• _Data_:
# # #

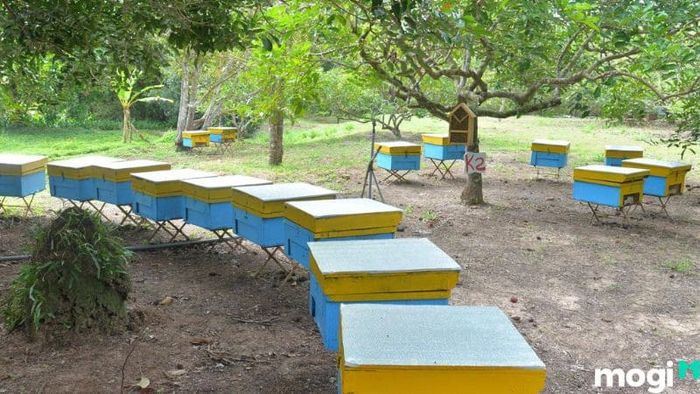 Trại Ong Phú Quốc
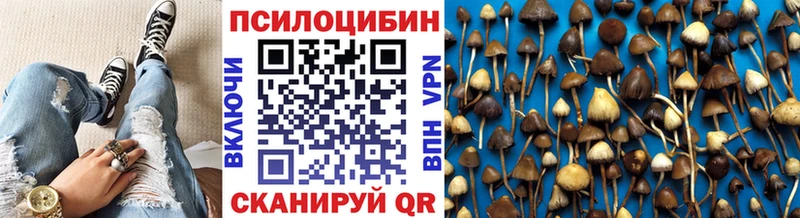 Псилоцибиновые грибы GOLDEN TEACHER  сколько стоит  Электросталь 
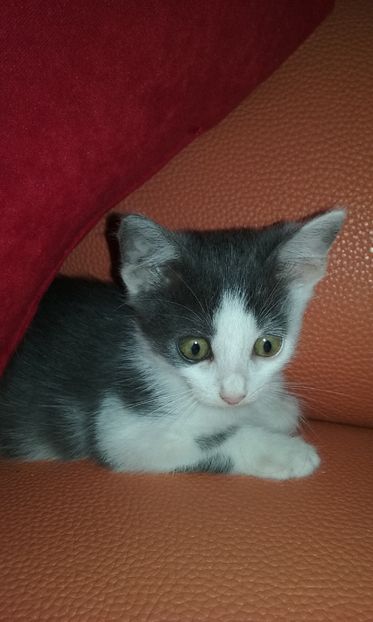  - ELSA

# # #

• _Problem statement_: Retype the listing exactly. Leave out its pictures.

• _Solution to the problem_:
 Trại Ong Phú Quốc
 Псилоцибиновые грибы GOLDEN TEACHER  сколько стоит  Электросталь 
  - ELSA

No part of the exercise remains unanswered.